Data excerpt:
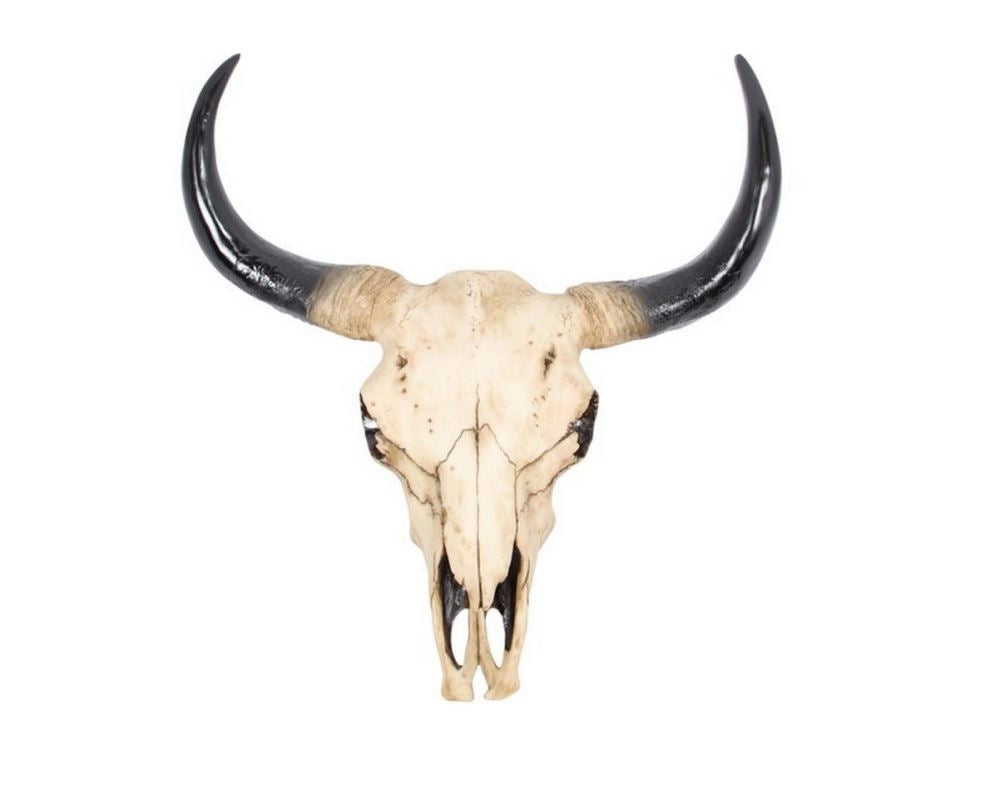 Cow Animal Skull Wall Hanger - 30cm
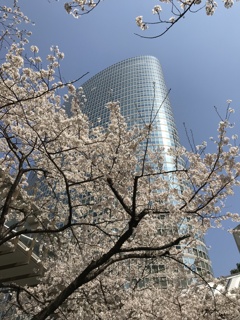 品川の桜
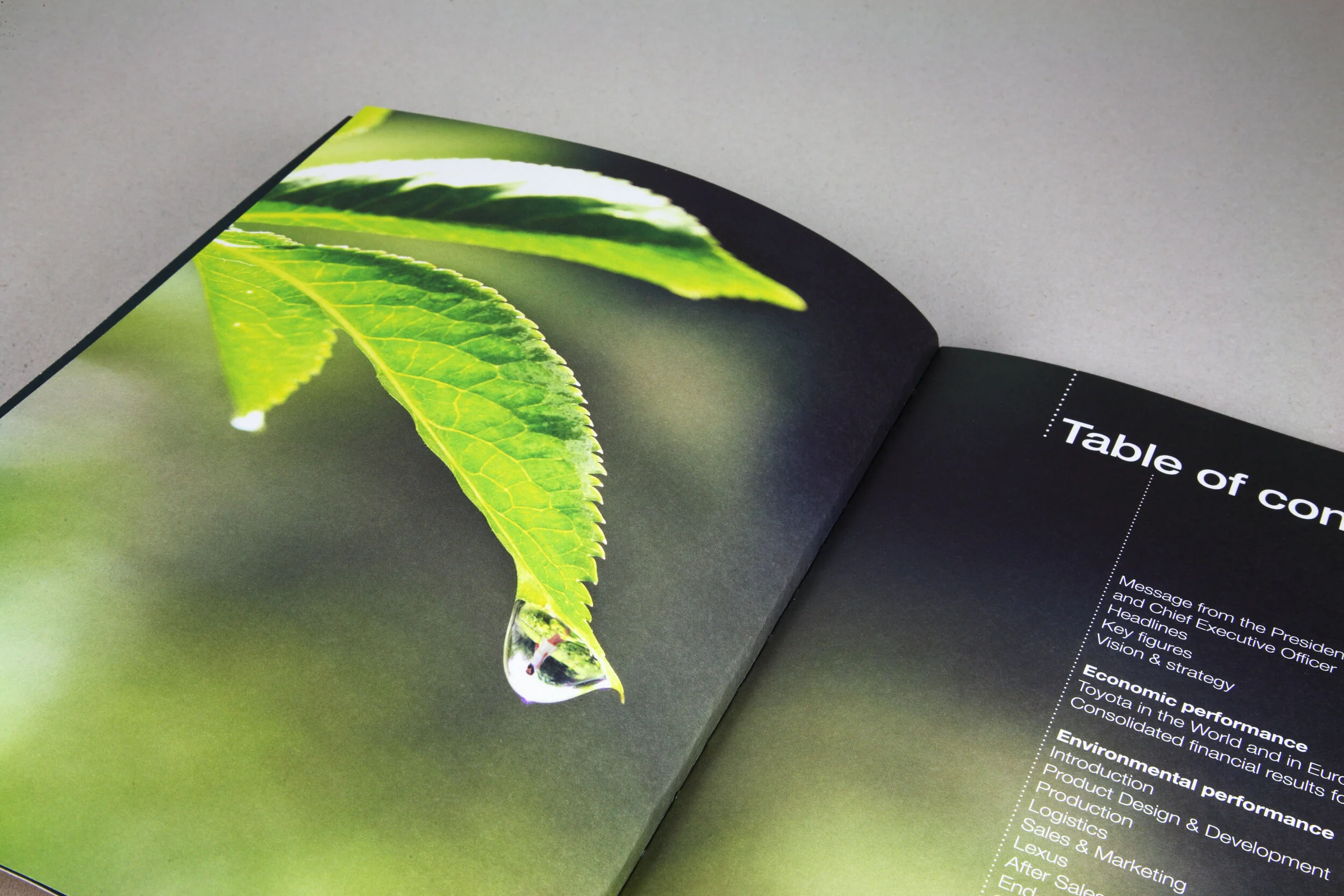 Toyota-2008-Sustainability-Creative-Direction-3.jpg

Problem requirements: A faithful copy of all the data above is required, printed exactly and with no pictures.

Your solution:
 Cow Animal Skull Wall Hanger - 30cm
 品川の桜
 Toyota-2008-Sustainability-Creative-Direction-3.jpg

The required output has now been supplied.